3. The apparatus as claimed in claim 2, wherein each grate bar rests with its rear face and its forward stroke face on a section of the protective layer which is arranged in various planes parallel to the forward stroke direction of the grate bar.

4. The apparatus as claimed in claim 2 or 3, wherein each forward stroke face has a forward stroke active area perpendicular to the forward stroke direction of the grate bar which is greater than a return stroke active area of the rear face perpendicular to the forward stroke direction of the grate bar.

5. The apparatus as claimed in claim 2 or 3, wherein each grate bar has an angled section forming the forward stroke face.

6. The apparatus as claimed in claim 2 or 3, wherein each grate bar comprises a profiled piece which is open at the bottom, the forward stroke face being formed by at least an outer side of the profiled piece and the rear face being formed by at least a further outer side of the profiled piece.

7. The apparatus as claimed in claim 2 or 3, wherein each forward stroke direction the grate bar is inclined with respect to the conveying direction.

8. The apparatus as claimed in claim 7, wherein each forward stroke direction of the grate bar is oblique to the conveying direction.

9. The apparatus as claimed in claim 2 or 3, wherein each edge region of the rear face facing away from the forward stroke direction has a chamfer formed thereon.

10. The apparatus as claimed in claim 2 or 3, wherein each grate bar can moved on a curved path between a return stroke position and a forward stroke position.

11. The apparatus as claimed in claim 2 or 3, wherein each grate bar is arranged such that it can pivot about an axis.

12. The method as claimed in claim 1, wherein the bulk material is cement clinker.

13. The apparatus as claimed in claim 2, wherein the bulk material is cement clinker.

14. The apparatus as claimed in claim 2 or 3, wherein the apparatus is configured so that the forward stroke face moves into cavity when in the return stroke position.

15. The apparatus as claimed in claim 14, wherein each forward stroke face has a forward stroke active area perpendicular to the forward stroke direction of the grate bar which is greater than a return stroke active area of the rear face perpendicular to the forward stroke direction of the grate bar.

16. The apparatus as claimed in claim 14, wherein each grate bar has an angled section forming the forward stroke face.

17. The apparatus as claimed in claim 14, wherein each grate bar comprises a profiled piece which is open at the bottom, the forward stroke face being formed by at least an outer side of the profiled piece, and the rear face being formed by at least a further outer side of the profiled piece.

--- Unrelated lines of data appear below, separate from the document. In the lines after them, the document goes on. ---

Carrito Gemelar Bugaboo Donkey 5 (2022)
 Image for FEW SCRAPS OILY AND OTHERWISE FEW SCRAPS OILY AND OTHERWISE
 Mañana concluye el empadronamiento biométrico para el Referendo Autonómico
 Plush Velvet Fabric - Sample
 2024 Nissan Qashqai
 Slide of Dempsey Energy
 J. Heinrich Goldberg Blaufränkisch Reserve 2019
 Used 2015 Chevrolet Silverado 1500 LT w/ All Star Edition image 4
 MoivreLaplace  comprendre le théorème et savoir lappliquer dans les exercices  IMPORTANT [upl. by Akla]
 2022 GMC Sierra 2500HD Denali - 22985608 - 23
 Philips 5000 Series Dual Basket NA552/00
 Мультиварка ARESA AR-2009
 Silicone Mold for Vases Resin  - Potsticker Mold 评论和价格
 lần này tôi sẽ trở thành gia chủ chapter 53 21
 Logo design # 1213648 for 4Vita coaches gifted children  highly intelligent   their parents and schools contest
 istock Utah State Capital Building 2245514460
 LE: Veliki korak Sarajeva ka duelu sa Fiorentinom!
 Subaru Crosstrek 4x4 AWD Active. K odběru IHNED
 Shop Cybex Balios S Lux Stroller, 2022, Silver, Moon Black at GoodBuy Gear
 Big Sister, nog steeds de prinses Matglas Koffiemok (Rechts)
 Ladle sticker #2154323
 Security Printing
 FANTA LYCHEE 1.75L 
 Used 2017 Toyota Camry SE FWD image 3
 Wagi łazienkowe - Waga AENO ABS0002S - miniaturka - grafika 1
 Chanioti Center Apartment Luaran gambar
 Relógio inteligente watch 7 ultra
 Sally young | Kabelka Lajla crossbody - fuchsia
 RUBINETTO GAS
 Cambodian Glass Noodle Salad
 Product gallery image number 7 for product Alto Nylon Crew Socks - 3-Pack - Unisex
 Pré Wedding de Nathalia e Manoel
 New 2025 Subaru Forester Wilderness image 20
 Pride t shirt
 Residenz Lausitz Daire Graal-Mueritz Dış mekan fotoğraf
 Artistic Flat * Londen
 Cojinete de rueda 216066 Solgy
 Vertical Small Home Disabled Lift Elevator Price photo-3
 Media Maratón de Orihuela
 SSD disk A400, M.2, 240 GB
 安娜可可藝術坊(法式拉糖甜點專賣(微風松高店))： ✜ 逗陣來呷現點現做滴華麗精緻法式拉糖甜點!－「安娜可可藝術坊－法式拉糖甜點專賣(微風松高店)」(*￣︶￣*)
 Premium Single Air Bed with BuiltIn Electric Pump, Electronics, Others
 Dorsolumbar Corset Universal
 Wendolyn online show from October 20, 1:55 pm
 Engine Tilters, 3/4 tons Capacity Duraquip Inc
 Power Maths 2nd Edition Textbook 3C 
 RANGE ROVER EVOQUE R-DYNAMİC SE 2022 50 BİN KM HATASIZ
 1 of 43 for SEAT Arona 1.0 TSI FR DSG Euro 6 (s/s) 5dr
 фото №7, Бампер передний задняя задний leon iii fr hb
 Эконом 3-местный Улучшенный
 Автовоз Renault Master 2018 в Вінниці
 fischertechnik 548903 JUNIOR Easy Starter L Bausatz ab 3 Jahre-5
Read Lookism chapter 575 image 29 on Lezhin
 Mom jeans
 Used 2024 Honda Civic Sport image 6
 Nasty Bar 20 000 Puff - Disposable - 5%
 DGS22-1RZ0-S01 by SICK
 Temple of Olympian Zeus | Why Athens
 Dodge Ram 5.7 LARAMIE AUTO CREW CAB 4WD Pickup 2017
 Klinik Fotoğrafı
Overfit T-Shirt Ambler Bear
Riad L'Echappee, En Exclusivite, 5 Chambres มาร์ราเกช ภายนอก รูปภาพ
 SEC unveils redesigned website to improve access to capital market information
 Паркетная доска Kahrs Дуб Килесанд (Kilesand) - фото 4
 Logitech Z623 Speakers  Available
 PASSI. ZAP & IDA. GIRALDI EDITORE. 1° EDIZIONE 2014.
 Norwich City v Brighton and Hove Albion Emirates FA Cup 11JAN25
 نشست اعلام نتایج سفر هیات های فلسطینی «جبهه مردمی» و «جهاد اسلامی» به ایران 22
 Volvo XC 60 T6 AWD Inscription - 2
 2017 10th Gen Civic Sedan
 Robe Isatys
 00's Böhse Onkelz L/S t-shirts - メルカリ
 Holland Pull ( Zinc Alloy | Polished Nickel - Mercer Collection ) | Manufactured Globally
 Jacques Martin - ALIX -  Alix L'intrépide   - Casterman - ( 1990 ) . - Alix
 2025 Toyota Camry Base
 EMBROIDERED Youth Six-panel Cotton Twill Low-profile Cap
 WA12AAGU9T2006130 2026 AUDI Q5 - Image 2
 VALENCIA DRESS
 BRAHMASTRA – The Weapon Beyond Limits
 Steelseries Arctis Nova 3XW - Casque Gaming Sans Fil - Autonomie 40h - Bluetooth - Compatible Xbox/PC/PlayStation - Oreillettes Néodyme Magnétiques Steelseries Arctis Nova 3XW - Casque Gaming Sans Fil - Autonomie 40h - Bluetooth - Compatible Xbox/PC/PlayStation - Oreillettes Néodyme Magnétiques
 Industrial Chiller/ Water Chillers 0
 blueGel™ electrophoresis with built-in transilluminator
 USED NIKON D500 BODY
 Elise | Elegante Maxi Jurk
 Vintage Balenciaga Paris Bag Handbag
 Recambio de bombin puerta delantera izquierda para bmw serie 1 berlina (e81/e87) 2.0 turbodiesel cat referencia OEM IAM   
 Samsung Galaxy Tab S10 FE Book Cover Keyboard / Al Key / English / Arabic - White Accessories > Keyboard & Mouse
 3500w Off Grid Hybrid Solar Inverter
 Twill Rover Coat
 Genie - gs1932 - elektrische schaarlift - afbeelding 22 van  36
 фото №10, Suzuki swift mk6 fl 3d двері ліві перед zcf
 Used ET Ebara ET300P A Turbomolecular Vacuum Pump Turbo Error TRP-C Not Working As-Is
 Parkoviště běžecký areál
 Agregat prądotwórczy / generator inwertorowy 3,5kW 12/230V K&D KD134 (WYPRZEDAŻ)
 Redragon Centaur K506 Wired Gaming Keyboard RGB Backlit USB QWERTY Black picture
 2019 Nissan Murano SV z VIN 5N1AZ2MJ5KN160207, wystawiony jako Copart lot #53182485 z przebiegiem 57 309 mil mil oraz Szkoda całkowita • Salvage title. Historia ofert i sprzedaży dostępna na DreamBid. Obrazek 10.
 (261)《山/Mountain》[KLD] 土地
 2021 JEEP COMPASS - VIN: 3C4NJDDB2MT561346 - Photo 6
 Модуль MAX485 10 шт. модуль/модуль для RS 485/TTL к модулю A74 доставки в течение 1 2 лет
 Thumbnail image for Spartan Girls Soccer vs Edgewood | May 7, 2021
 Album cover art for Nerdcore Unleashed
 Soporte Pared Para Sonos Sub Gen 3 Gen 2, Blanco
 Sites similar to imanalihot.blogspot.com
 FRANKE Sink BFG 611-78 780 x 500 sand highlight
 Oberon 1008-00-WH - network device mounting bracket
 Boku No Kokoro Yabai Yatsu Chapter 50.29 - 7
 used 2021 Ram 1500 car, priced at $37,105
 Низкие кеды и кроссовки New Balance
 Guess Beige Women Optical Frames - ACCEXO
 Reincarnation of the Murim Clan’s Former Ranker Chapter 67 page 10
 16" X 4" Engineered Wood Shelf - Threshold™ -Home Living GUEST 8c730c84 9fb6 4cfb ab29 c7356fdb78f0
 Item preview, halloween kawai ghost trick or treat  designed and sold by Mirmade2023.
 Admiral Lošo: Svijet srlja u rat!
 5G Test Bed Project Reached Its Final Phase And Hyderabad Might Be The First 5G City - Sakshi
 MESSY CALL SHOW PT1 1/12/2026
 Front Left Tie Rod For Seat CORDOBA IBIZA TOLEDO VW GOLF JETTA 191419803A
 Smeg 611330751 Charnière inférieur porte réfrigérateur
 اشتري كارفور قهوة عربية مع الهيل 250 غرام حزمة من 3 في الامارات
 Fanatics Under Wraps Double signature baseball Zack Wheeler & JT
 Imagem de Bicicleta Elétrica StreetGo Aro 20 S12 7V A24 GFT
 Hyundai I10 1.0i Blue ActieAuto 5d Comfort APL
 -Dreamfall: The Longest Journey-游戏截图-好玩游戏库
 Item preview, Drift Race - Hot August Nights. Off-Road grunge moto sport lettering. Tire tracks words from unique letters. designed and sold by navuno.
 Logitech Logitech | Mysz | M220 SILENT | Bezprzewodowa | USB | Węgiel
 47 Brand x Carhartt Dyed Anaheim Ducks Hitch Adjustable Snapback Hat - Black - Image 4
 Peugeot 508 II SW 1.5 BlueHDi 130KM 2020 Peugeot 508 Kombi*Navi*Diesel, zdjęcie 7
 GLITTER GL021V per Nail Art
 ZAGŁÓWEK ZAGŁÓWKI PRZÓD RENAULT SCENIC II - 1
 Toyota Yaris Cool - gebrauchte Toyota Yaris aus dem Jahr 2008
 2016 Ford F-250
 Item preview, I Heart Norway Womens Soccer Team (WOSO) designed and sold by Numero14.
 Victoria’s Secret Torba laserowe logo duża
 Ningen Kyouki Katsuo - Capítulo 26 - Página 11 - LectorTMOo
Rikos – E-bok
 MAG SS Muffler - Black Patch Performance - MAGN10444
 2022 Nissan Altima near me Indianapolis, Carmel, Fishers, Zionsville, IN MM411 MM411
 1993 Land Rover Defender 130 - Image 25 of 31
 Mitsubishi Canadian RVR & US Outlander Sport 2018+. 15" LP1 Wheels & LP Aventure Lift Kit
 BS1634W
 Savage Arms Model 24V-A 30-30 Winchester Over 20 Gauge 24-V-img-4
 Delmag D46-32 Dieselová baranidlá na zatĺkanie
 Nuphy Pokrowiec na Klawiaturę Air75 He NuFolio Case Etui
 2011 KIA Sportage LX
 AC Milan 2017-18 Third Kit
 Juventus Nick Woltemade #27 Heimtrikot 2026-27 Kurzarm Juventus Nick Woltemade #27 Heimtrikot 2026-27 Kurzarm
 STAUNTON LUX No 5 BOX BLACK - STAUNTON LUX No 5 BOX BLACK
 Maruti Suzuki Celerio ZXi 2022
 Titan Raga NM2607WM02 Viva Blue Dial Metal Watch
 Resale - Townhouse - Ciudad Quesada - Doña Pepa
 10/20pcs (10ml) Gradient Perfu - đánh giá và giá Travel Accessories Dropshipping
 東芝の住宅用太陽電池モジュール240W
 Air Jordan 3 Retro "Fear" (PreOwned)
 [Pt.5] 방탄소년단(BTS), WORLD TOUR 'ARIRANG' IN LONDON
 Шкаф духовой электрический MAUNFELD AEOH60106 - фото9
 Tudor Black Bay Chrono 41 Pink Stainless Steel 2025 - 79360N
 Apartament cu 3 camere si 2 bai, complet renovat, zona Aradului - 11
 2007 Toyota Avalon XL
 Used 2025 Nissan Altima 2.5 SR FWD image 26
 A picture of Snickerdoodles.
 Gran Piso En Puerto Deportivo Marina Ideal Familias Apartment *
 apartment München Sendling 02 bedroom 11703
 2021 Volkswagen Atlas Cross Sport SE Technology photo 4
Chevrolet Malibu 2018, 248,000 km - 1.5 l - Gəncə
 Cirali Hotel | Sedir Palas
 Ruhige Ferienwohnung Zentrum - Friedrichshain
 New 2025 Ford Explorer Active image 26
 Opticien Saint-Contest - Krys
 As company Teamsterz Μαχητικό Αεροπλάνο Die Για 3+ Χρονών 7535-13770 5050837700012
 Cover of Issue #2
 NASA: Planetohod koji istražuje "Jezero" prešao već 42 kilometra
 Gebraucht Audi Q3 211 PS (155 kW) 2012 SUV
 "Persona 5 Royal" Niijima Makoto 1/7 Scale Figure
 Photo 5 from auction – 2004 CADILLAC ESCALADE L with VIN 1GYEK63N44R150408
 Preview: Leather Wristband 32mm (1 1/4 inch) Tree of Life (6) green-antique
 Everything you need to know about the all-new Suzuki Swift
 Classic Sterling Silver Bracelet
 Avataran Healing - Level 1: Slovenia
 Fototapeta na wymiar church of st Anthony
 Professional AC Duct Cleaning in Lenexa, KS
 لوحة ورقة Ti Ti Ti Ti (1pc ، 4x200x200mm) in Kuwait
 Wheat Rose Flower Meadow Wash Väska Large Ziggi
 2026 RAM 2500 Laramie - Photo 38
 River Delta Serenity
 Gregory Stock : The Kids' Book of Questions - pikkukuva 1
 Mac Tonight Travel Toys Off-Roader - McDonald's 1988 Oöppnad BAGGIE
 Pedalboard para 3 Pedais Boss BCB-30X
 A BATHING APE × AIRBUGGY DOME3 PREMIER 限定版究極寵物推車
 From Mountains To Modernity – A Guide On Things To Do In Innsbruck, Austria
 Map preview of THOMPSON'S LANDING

18. The apparatus as claimed in claim 14, wherein each forward stroke direction of the grate bar is inclined with respect to the conveying direction.

19. The apparatus as claimed in claim 18, wherein each forward stroke direction of the grate bar is oblique to the conveying direction.

20. The apparatus as claimed in claim 14, wherein each edge region of the rear face facing away from the forward stroke direction has a chamfer formed thereon.

21. The apparatus as claimed in claim 14, wherein each grate bar can be moved on a curved path between a return stroke position and a forward stroke position.

22. The apparatus as claimed in claim 14, wherein each grate bar is arranged such that each grate bar can pivot about an axis.